Alors que les négociations annuelles obligatoires (NAO) sur les rémunérations se poursuivent dans les entreprises pour 2024, le ralentissement de l’inflation devrait amoindrir les enveloppes d’augmentation prévues dans les accords qui parviennent à être conclus. Or, les niveaux de salaires restent l’un des tout premiers motifs de conflictualité au travail, qu’il s’agisse de mobilisations collectives (débrayages, grèves prolongées) ou de litiges individuels.
Quels sont les résultats de cette conflictualité ? C’est ce qu’a souhaité ausculter une étude du sociologue Maxime Lescurieux, publiée en février par la direction de l’animation de la recherche, des études et des statistiques (Dares) du ministère du travail. Sans conclure à un lien de causalité qui ferait de ces pics de tension le seul facteur d’explication des augmentations de salaire, l’auteur relève plutôt une « corrélation significative » positive entre la présence de conflits, l’ouverture de négociations et les augmentations : entre 2014 et 2019, la rémunération brute moyenne horaire augmente plus vite dans les entreprises les plus conflictuelles que dans les moins conflictuelles.
Le document fournit des variables complémentaires d’analyse, tels le secteur d’activité, la taille de l’entreprise, la catégorie socioprofessionnelle et, plus originale, la prédominance d’hommes ou de femmes dans l’entreprise.

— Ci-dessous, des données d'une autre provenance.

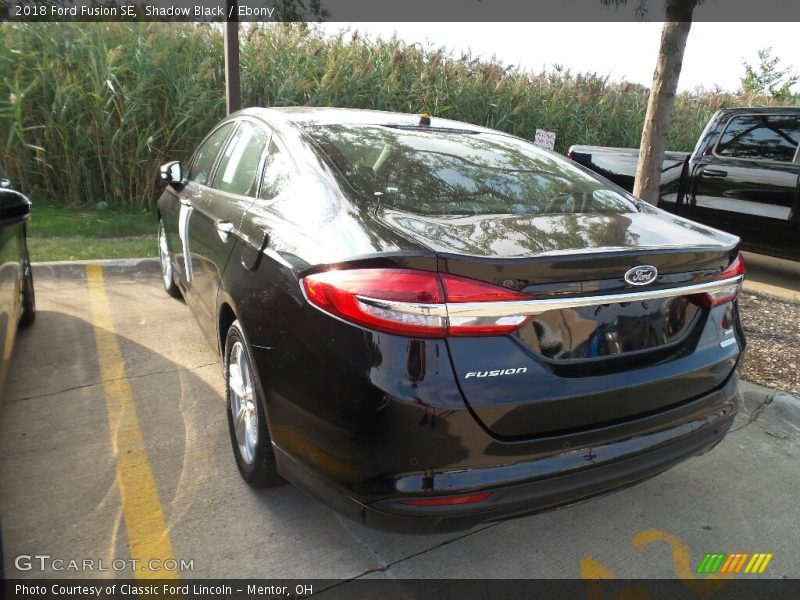 Shadow Black / Ebony 2018 Ford Fusion SE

Contrairement sans doute à une idée reçue, il n’y a pas de différence marquée entre les deux genres dans la propension à entrer durablement en conflit. En revanche, l’impact des conflits portant sur les rémunérations est moindre et moins visible dans les entreprises où les femmes sont majoritaires. Ce lien entre conflictualité et rémunération, pointé de manière positive dans les établissements où les hommes sont majoritaires, s’avère même pénalisant en cas de conflits collectifs plus courts et perlés parmi des effectifs plus féminisés.
Première clé d’explication, selon Maxime Lescurieux, l’auteur de l’étude : dans les entreprises avec plus d’hommes, par exemple dans l’industrie ou les transports, « davantage de négociations collectives menées portent sur le thème des salaires », soit 87 %, contre seulement 80 % dans les entreprises où les femmes sont majoritaires. Dans les entreprises masculines, ces négociations portent plus souvent sur la part des augmentations individuelles, ce qui joue également sur la distribution des salaires entre les deux genres.
Cette différence s’explique aussi par l’habitude à mobiliser et à négocier : l’historique et l’architecture plus fragile de l’implantation syndicale dans les secteurs avec plus de salariées comme le commerce, les services et, dans une moindre mesure, l’action sociale, par exemple, sont des facteurs à prendre en compte. « Dans les établissements à dominance masculine, il peut y avoir une tradition de lutte et un rapport de force plus ancien qui facilite la création d’une dynamique de mobilisation, laquelle exige des moyens, des soutiens et de la communication pour se maintenir », souligne Eve Meuret-Campfort, sociologue au CNRS.